- [DIRECTIONS]
Please write out exactly the line containing "Heritage Villas - Shimla" below and every line after it, through the last one, but leave out any pictures.

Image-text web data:
■ ■ ■ ■

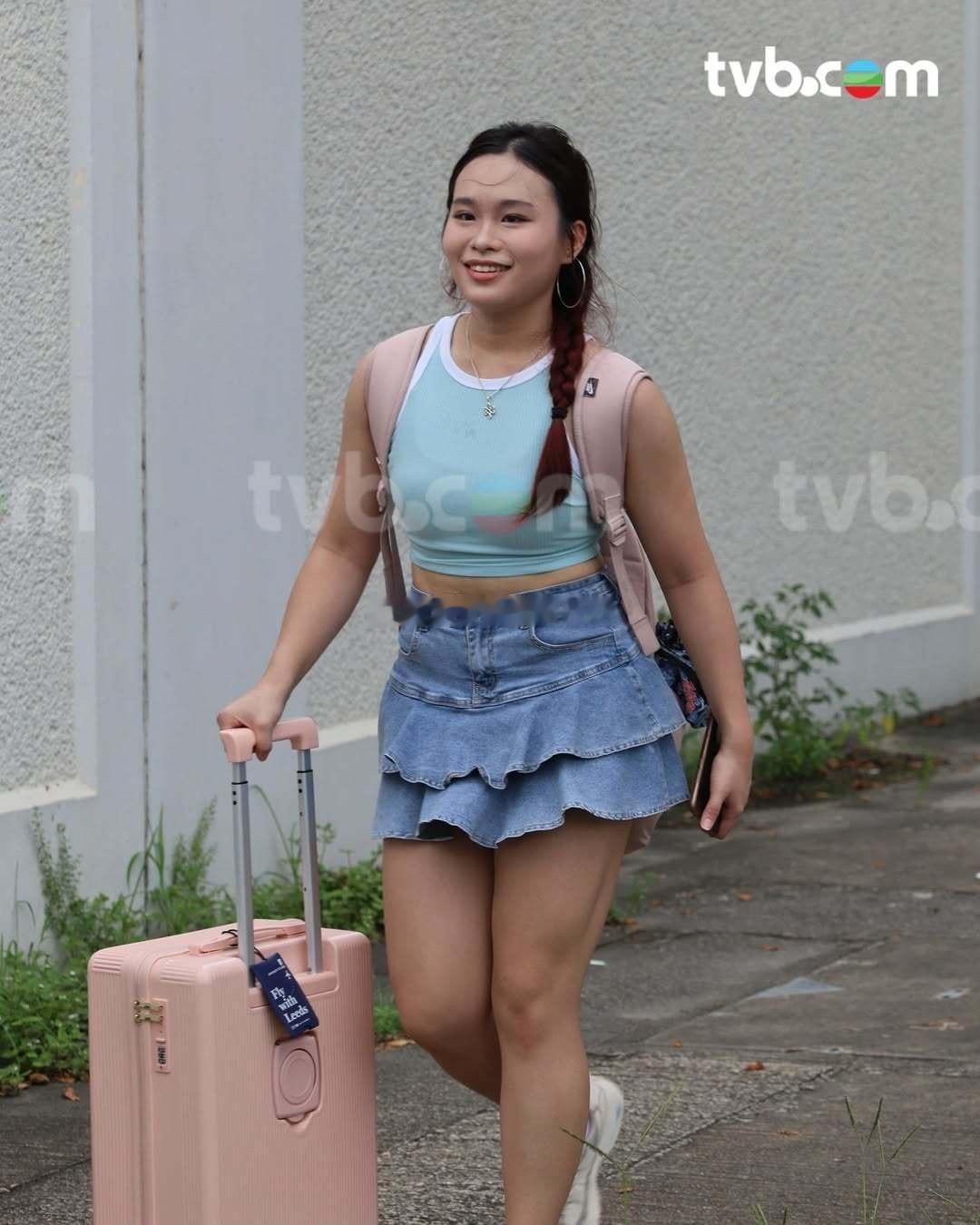 【香港小姐2025】候选者现身电视城参加首轮面试（图集4）​​​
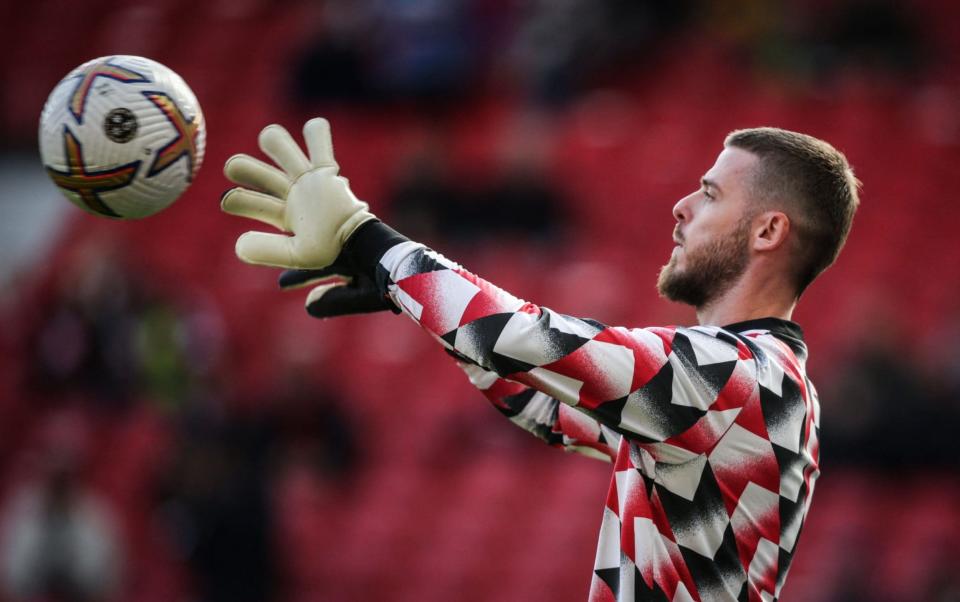 David de Gea - AFP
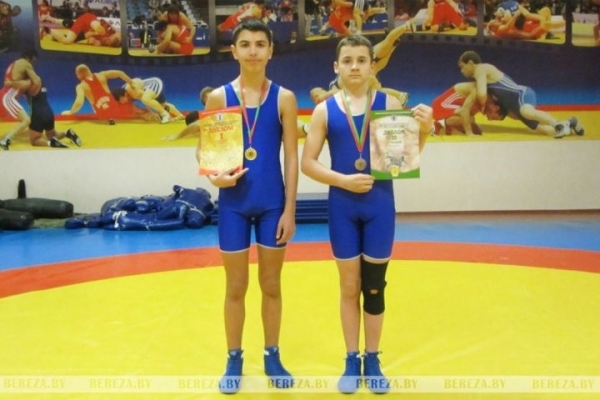 Как минчанин Андрей Бахур стал тренером березовских борцов (Брестская область)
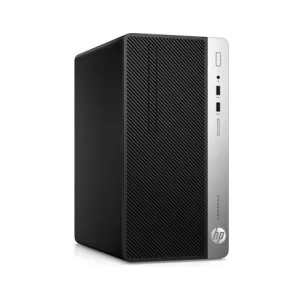 Компютър HP ProDesk 400 G5 MT Intel Core i58500 with Intel UHD Graphics 630 (3 GHz base frequency, up to 4.1 GHz with Intel Turbo Boost Technology, 9 MB cache, 6 cores) 8 GB DDR42666 SDRAM (1 X 8 GB) 500 GB 7200 rpm SATA HDD DVD/RW FreeDOS 2.0 ,1 Year war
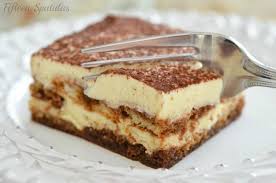 Tiramisu Recipe Inspired By Fifteen Spatulas Recent Trip To Italy Ladyfinger Cookies Dipped Easy Tiramisu Recipe Baked Dessert Recipes Easy No Bake Desserts
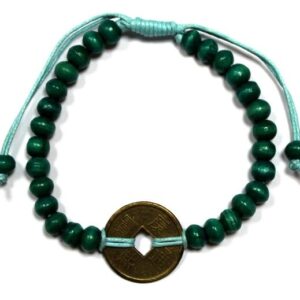Good Luck Feng-Shui Bracelets – Green | www.artisan-gifts.co.uk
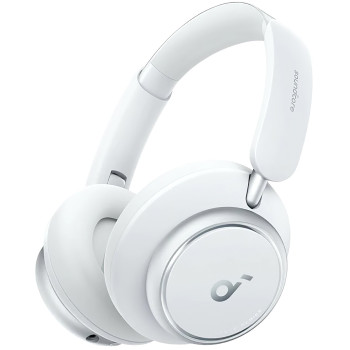 Навушники з мікрофоном Anker SoundCore Space Q45 White (A3040G21)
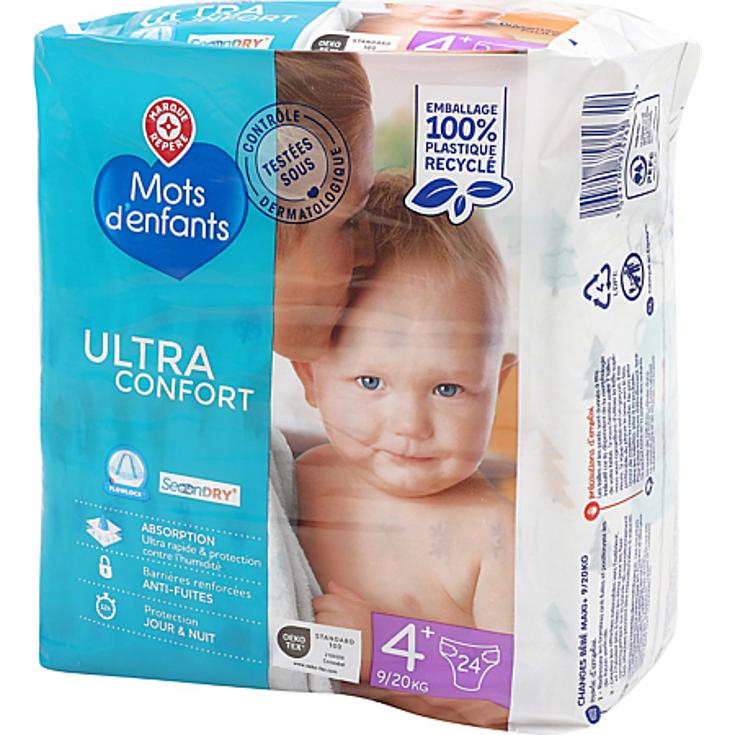 Cambiador ultra confort maxi+ T4-9/20 kg x 24-MOTS D'ENFANTS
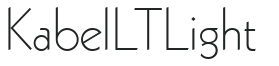 Kabel LT Light preview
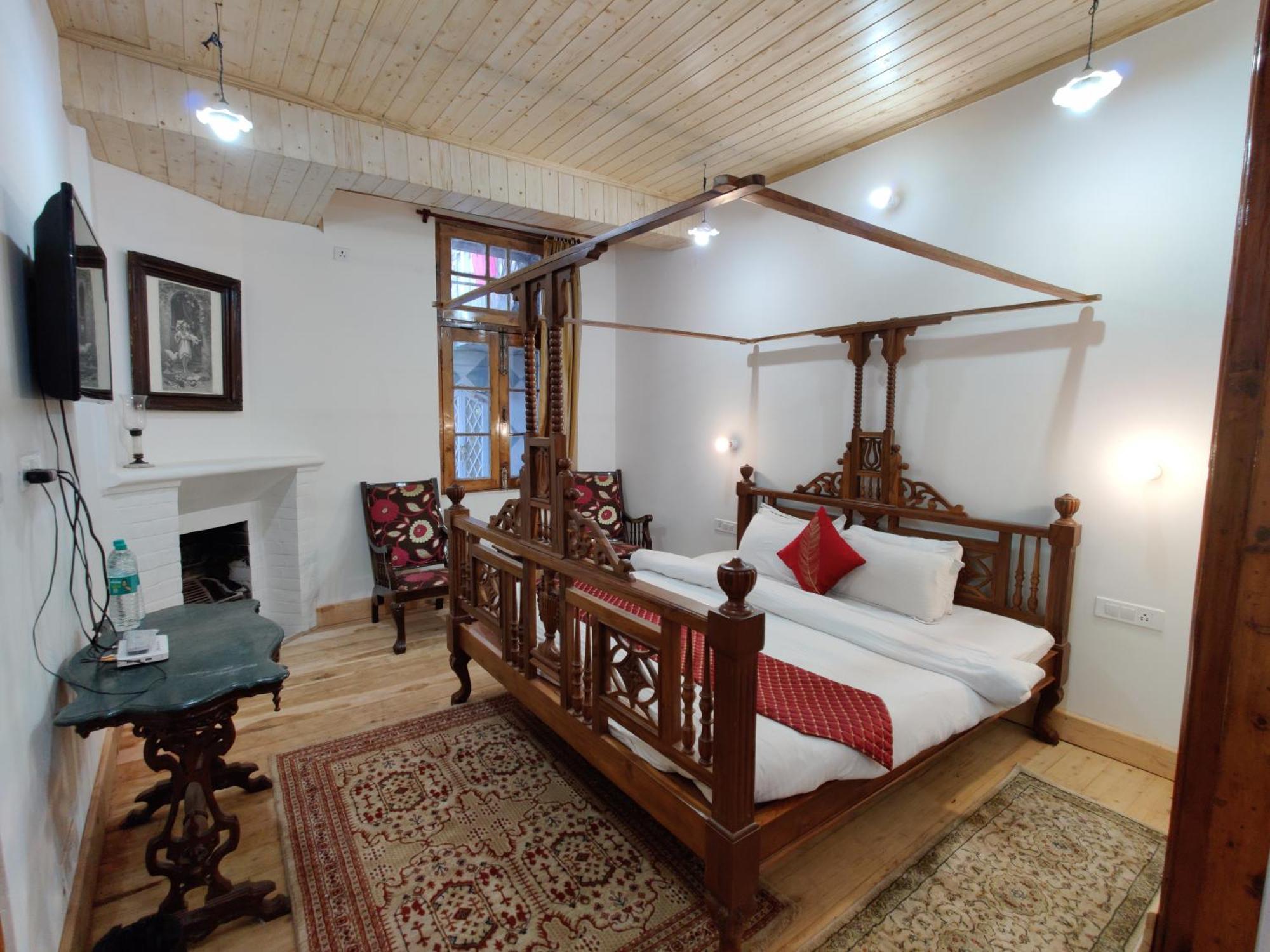 Heritage Villas - Shimla British Resort, Near Mall Exterior foto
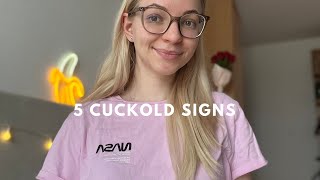 5 SIGNS that someone is a CUCKOLD 🫢 [upl. by Johnnie]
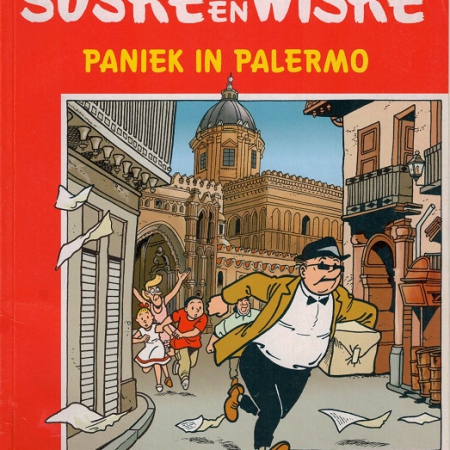 283 - Suske en Wiske - Paniek in Palermo - rode reeks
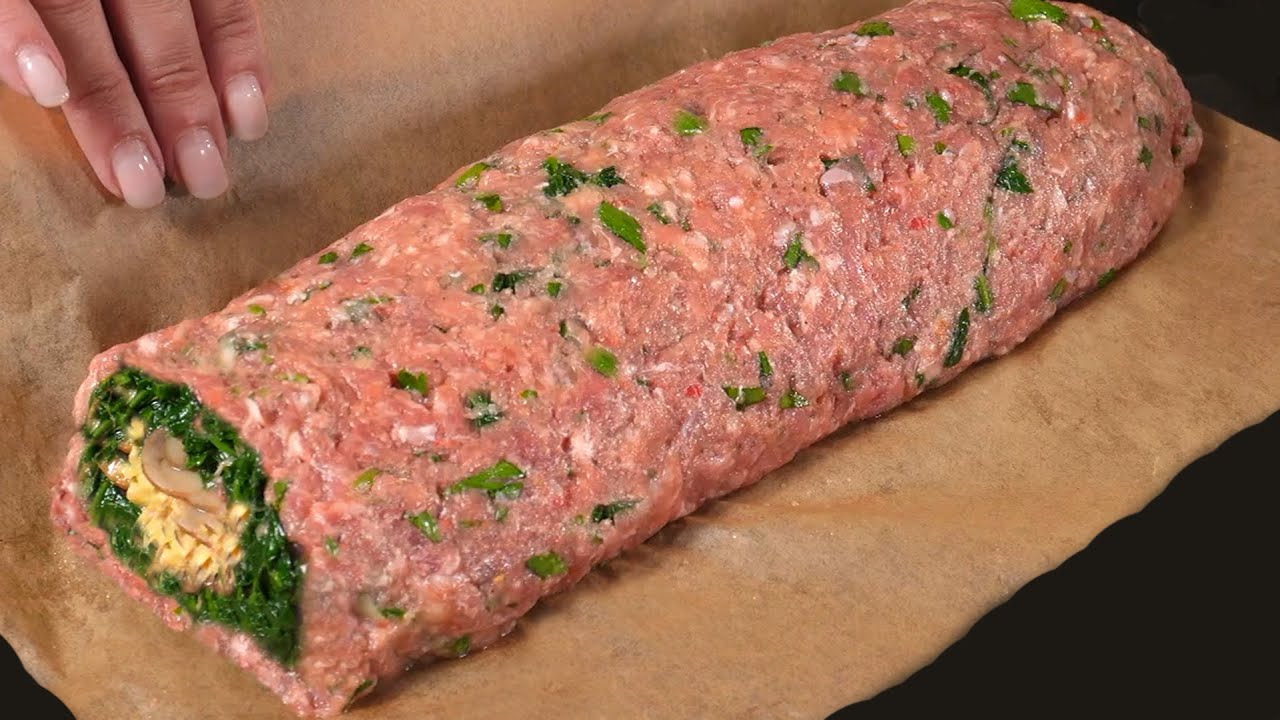Самый вкусный мясной рулет! Теперь я готовлю его только так!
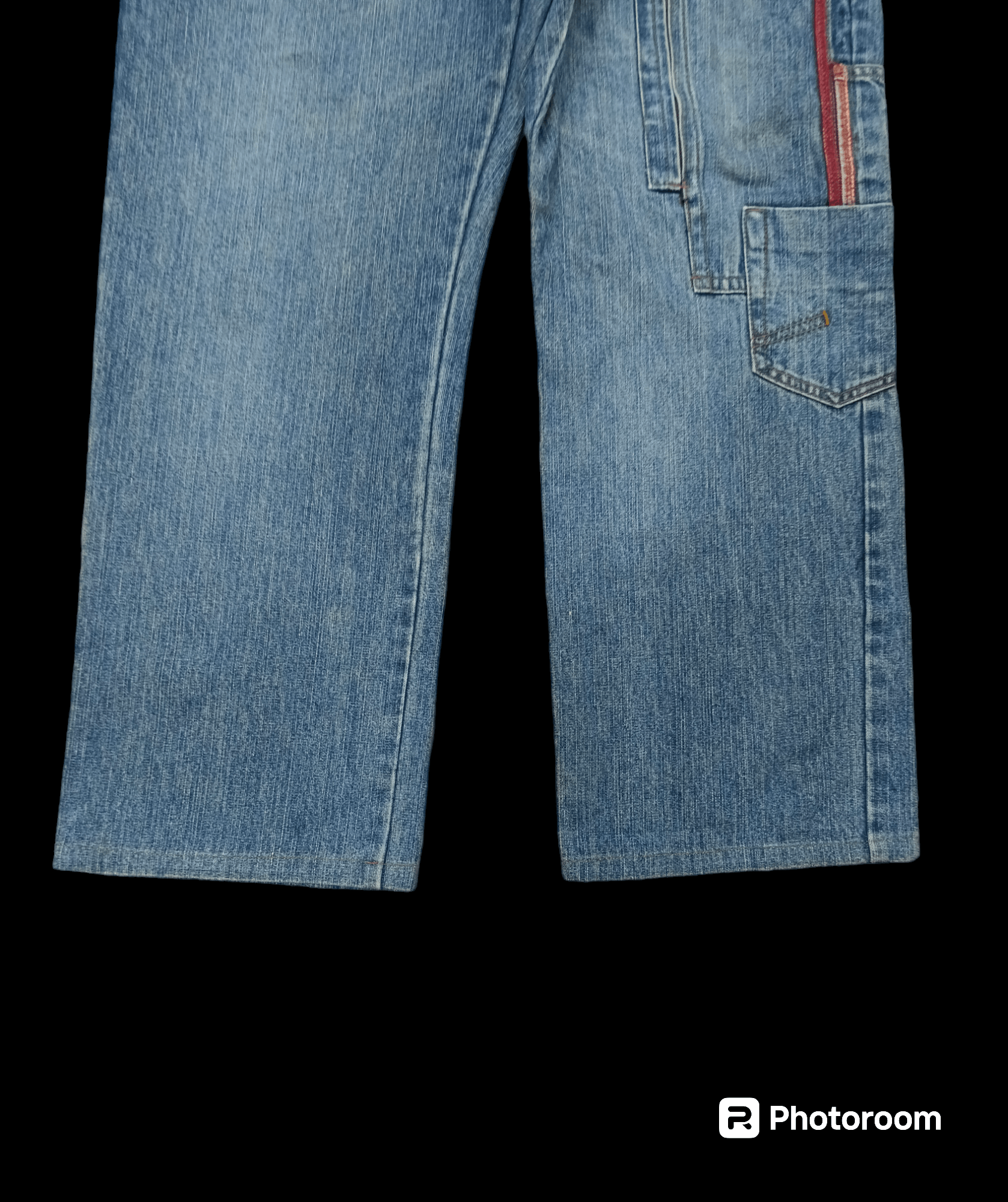 Other KiSSMARK CARPENTER MULTIPOCKET DENIM PANTS Size US 34 / EU 50 - 5 Thumbnail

■ ■ ■ ■

- [FINISHED EXERCISE]
 Heritage Villas - Shimla British Resort, Near Mall Exterior foto
 5 SIGNS that someone is a CUCKOLD 🫢 [upl. by Johnnie]
 283 - Suske en Wiske - Paniek in Palermo - rode reeks
Самый вкусный мясной рулет! Теперь я готовлю его только так!
 Other KiSSMARK CARPENTER MULTIPOCKET DENIM PANTS Size US 34 / EU 50 - 5 Thumbnail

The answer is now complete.